Il est digne de remarque que les hommes extraordinaires, qui semblent nés exprès pour commander aux peuples, ont du goût pour tout ce que l’esprit humain est capable de produire d’utile, de grand et de beau : Alexandre bâtissait des villes, ne se lassait pas de relire Homère, comblait de biens Apelles, mettait des sommes énormes à la disposition de son précepteur Aristote et des autres savants de la Grèce pour fournir aux frais de leurs recherches et de leurs expériences. César voulait rebâtir Corinthe et Carthage, régulariser le cours du Tibre, dessécher les marais Pontins ; il construisait des amphithéâtres, provoquait la réforme du calendrier. Les institutions du demi-barbare Charlemagne ont obtenu le respect et l’admiration de la postérité. Que ne s’est-il pas fait de grand et de beau, en tout genre, pendant le long règne du grand roi Louis XIV ?

Il a suffi à Napoléon d’une douzaine d’années de toute-puissance, pour égaler sous ce rapport ses glorieux émules, ses prédécesseurs. Pendant cette courte période, on creusa des ports, des canaux ; le nombre des vaisseaux de haut bord fut doublé ; des routes magnifiques établirent, en serpentant sur les flancs des Alpes, des communications faciles entre la France et l’Italie, tous les palais des Rois de France furent restaurés et embellis ; on agrandit et l’on régularisa les jardins des Tuileries et du Luxembourg ; la place du Carrousel fut débarrassée des constructions qui la déparaient, et ornée d’une grille et d’un arc-de-triomphe. L’Empire vit jeter les fondations des palais de la Bourse, du quai d’Orsay, du temple de la Gloire devenu église de la Madeleine, de l’arc gigantesque de l’Étoile, dont la bâtisse dépassait en 1814 l’imposte de la grande arcade. La superbe colonne Vendôme est un monument de l’Empire. Sont aussi des constructions de l’Empire le beau pont d’Austerlitz, et surtout celui d’Iéna, le plus irréprochable de tous les ponts. Le palais du Louvre dont l’origine se perd dans l’obscur rite des siècles, que François 1er entreprit de bâtir sur un plan nouveau et régulier qui dut une grande partie de ses murs à Louis XIV, que les règnes suivants délaissèrent presque tout à fait, fut repris et terminé par les architectes de Napoléon. C’est aussi pendant la domination de ce prince que la superbe porte Saint-Denis fut restaurée et que l’inscription Ludovico magno (à Louis le Grand) fut rétablie.

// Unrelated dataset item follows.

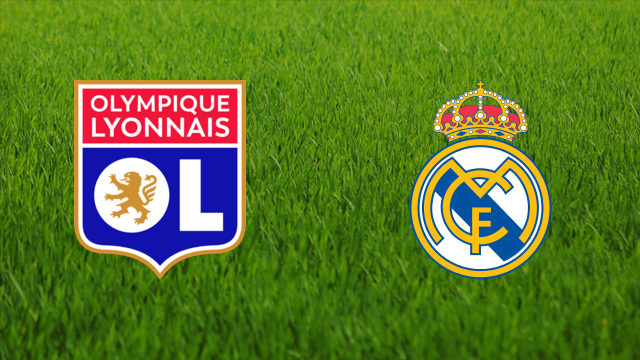 Olympique Lyonnais vs. Real Madrid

L’Empereur eut la satisfaction de voir son règne illustré par des savants du premier ordre, qu’il récompensait et qu’il chérissait comme des amis : c’étaient Monge, Lagrange, Laplace, Berthollet, Fourcroy, Vauquelin, Volta, Cuvier, Delambre, Thénard, Poisson, etc. Les lettres, il faut en convenir, ne brillèrent pas à la même époque d’un aussi bel éclat, à beaucoup près, que pendant le XVIIe siècle ; mais assurément ce ne fut pas la faute de celui qui tenait alors les rênes de l’État. C’est le génie qui faillit aux écrivains et non les honneurs et les récompenses : Napoléon était, pour le moins, aussi généreux, aussi magnifique que le fils de Louis XIII.

Les artistes en peinture furent plus heureux. C’est sous l’Empire que l’École française crayonna ses chefs-d’œuvre et atteignit son apogée. On ne saurait trop louer la plupart des tableaux sortis des ateliers de David, Gros, Gérard, Girodet.

En général, les artistes en sculpture ont de tout temps été médiocres en France ; ils le furent sous l’Empire.